[[ AVAILABLE RECORDS, beginning ]]
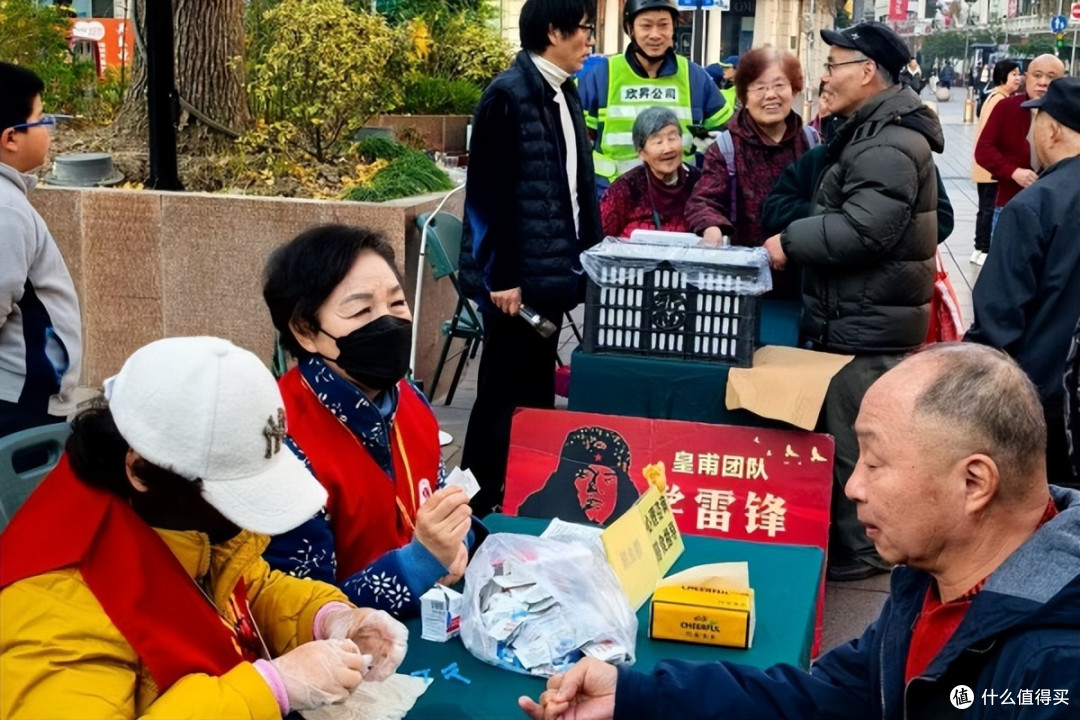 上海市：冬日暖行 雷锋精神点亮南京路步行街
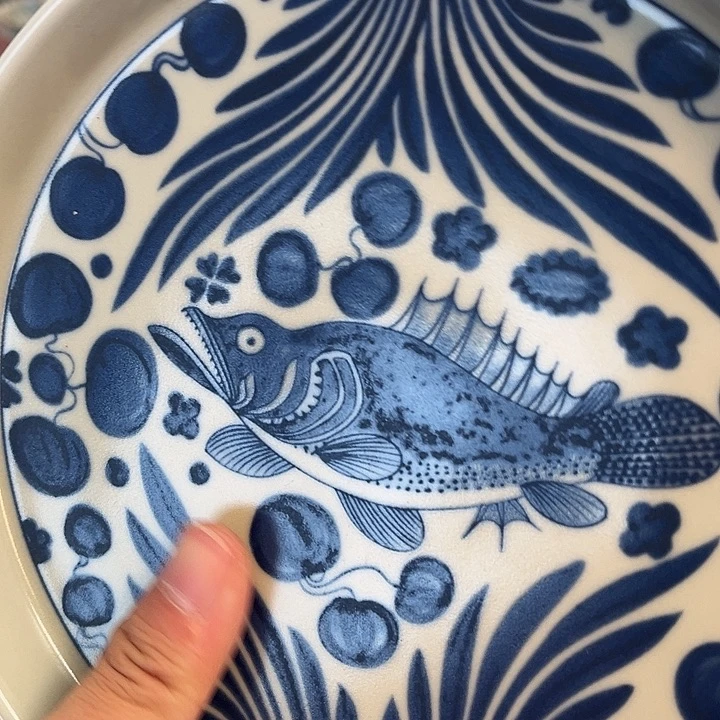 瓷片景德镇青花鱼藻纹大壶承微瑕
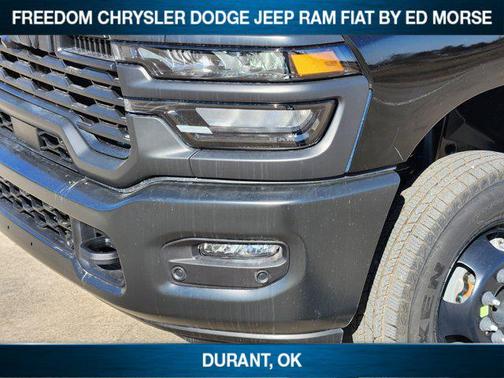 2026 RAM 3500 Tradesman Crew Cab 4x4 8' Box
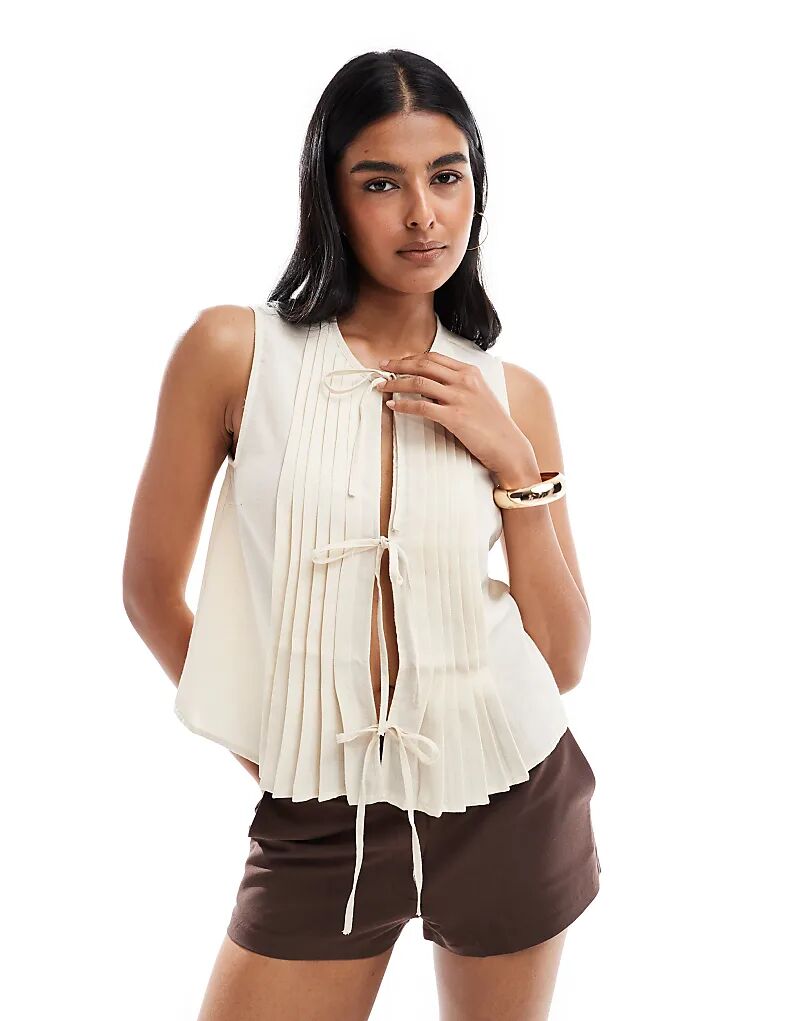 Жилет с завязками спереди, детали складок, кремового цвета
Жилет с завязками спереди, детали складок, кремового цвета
[[ AVAILABLE RECORDS, end ]]
[[ AVAILABLE RECORDS, beginning ]]
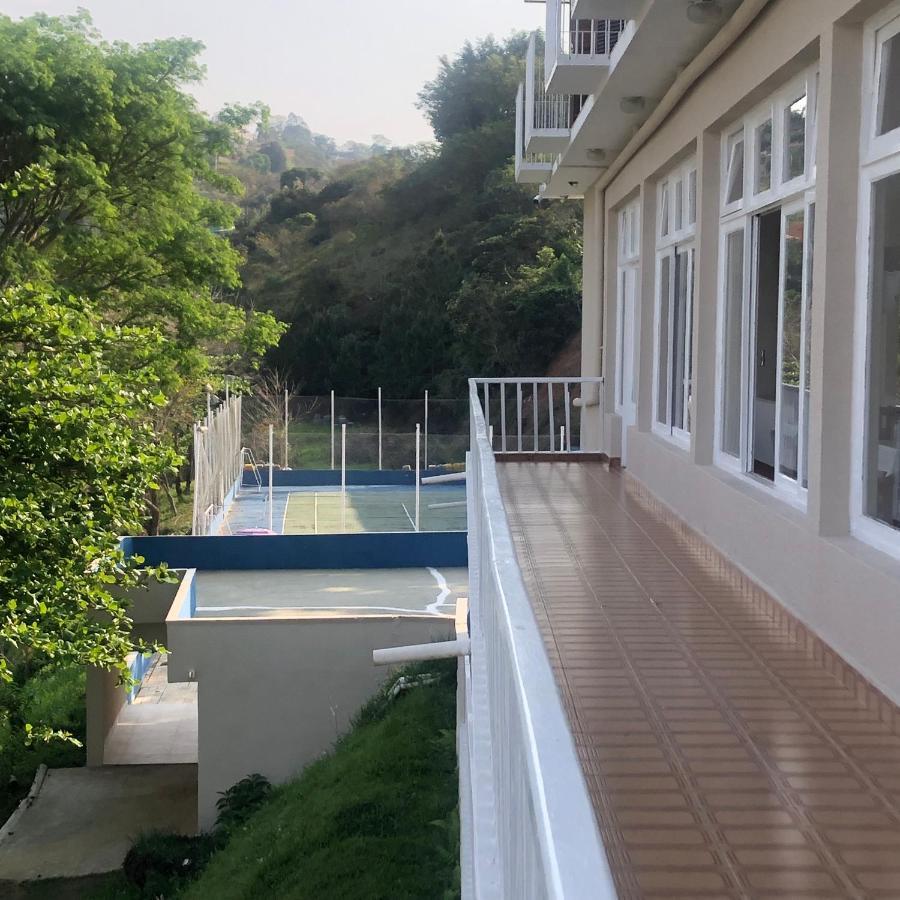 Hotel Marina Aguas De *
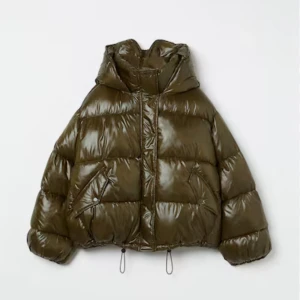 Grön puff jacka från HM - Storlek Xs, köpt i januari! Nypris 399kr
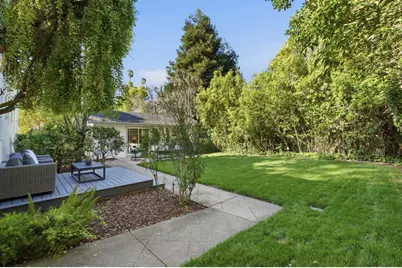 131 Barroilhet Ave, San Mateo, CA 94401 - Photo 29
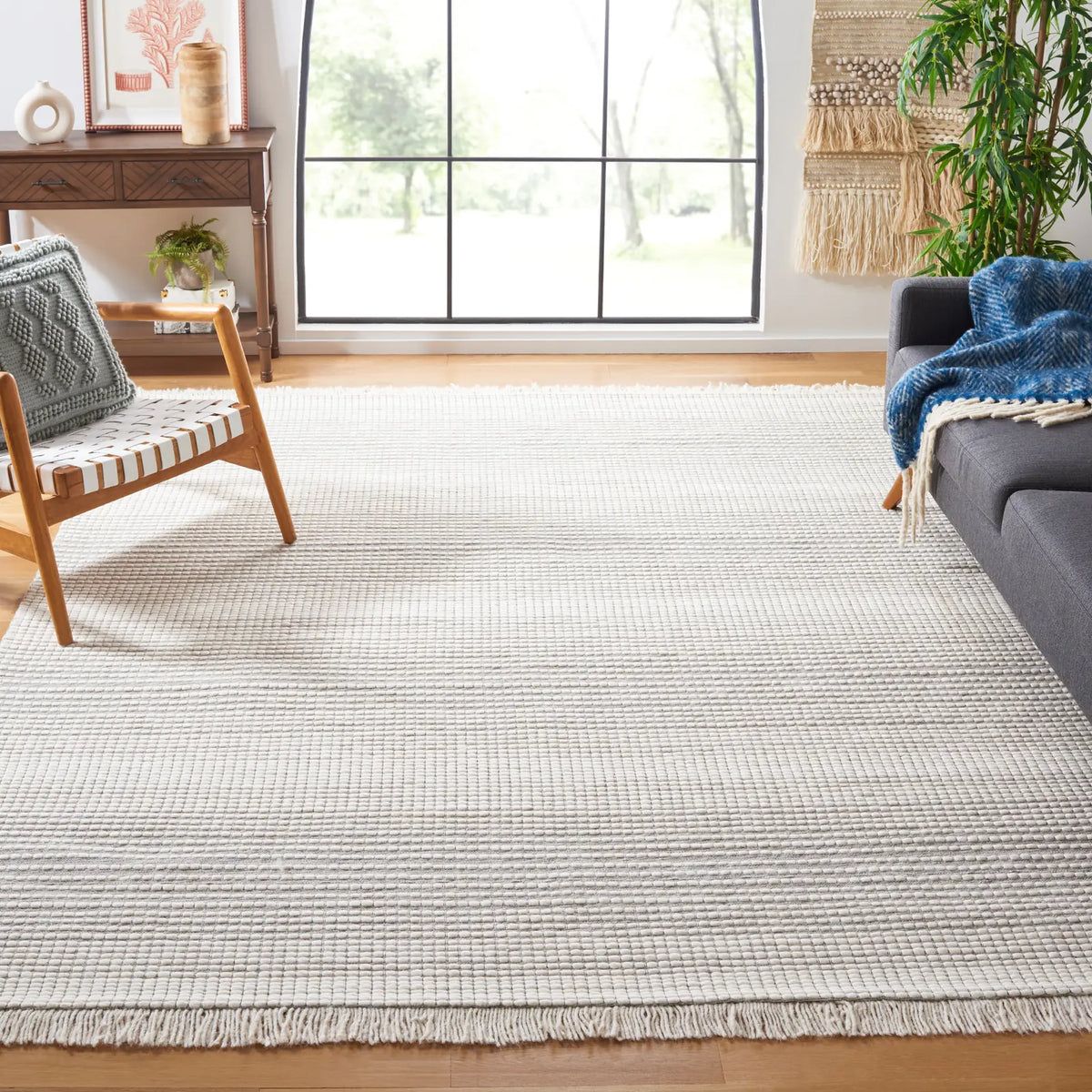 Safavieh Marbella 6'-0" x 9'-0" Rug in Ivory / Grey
[[ AVAILABLE RECORDS, end ]]
[[ AVAILABLE RECORDS, beginning ]]
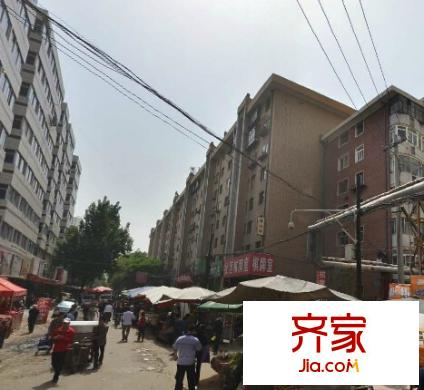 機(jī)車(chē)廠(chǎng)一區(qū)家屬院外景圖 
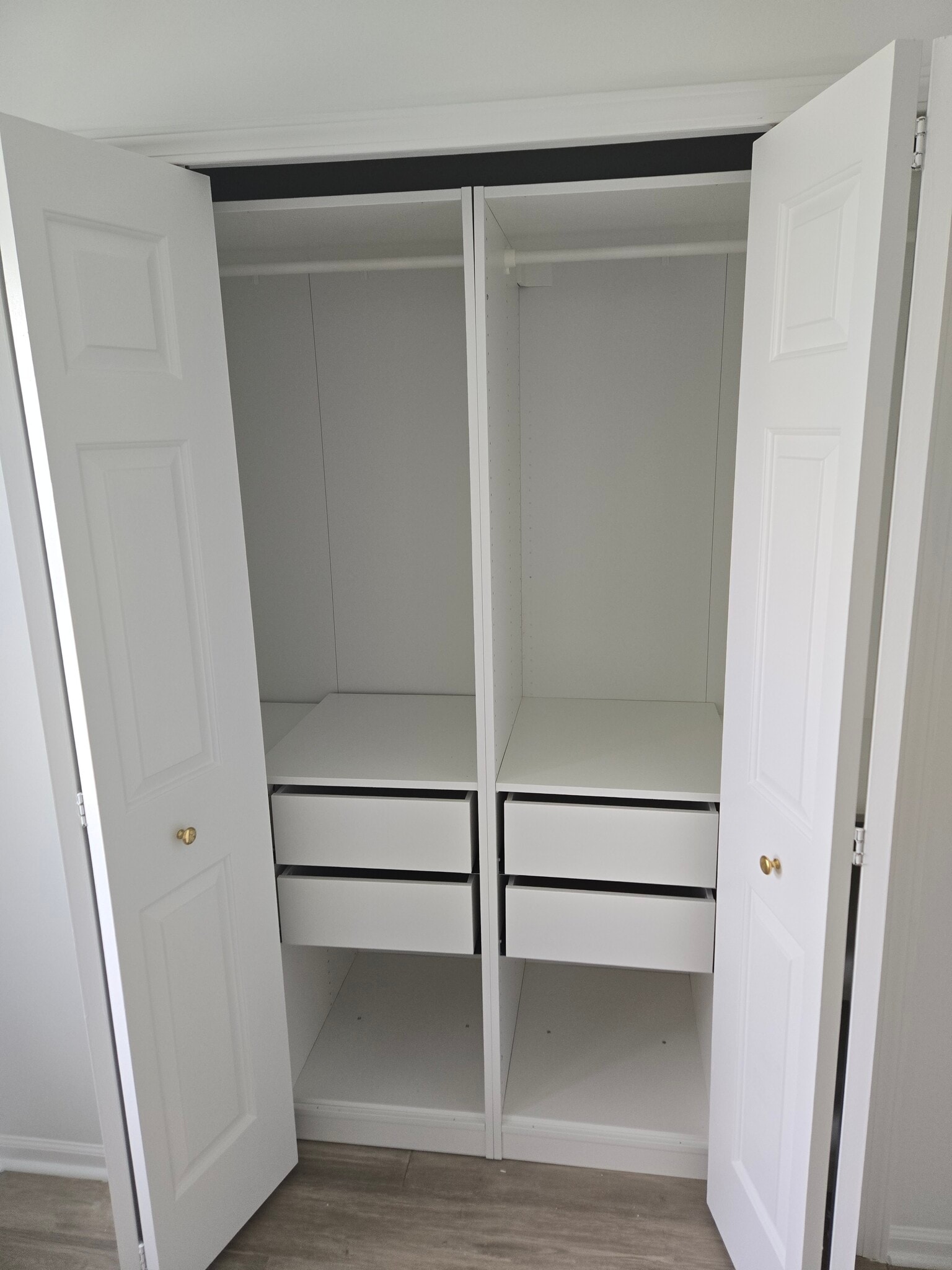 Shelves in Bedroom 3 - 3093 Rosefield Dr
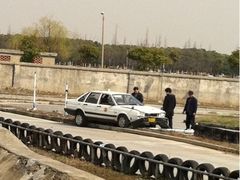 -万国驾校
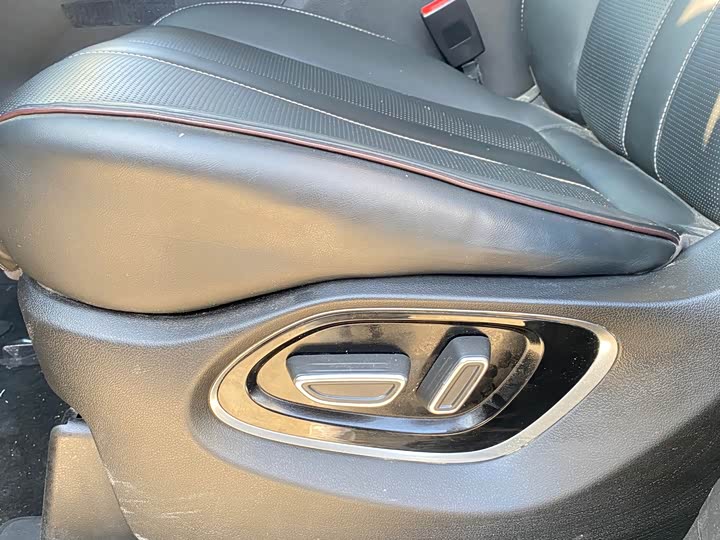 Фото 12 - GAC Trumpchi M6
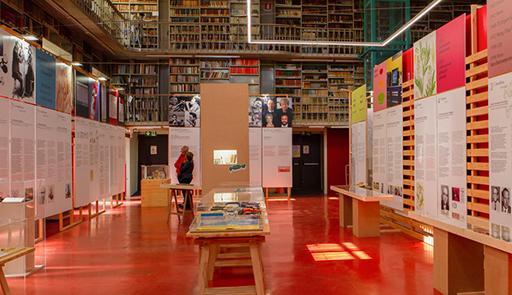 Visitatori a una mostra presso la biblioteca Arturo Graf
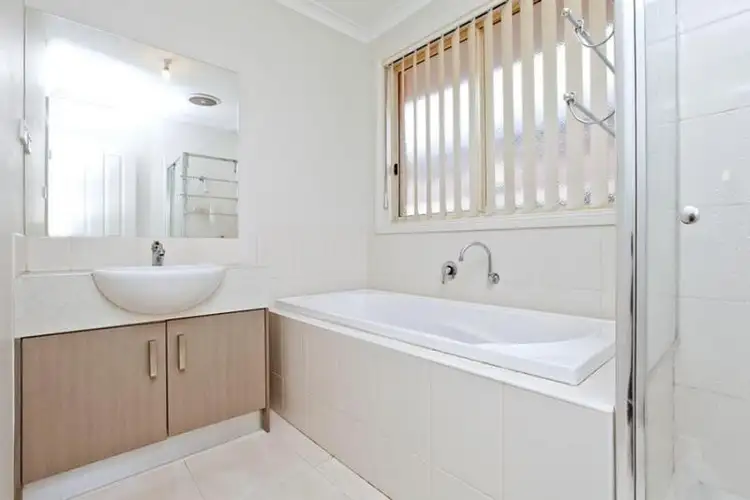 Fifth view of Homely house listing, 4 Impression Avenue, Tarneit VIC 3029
[[ AVAILABLE RECORDS, end ]]
## WHAT THE EXERCISE ASKS:
Go down the entries above from the line containing "Visitatori a una" to the line containing "Fifth view of" and write out each line exactly, leaving pictures out.

## RESPONSE TO THIS EXERCISE:
 Visitatori a una mostra presso la biblioteca Arturo Graf
 Fifth view of Homely house listing, 4 Impression Avenue, Tarneit VIC 3029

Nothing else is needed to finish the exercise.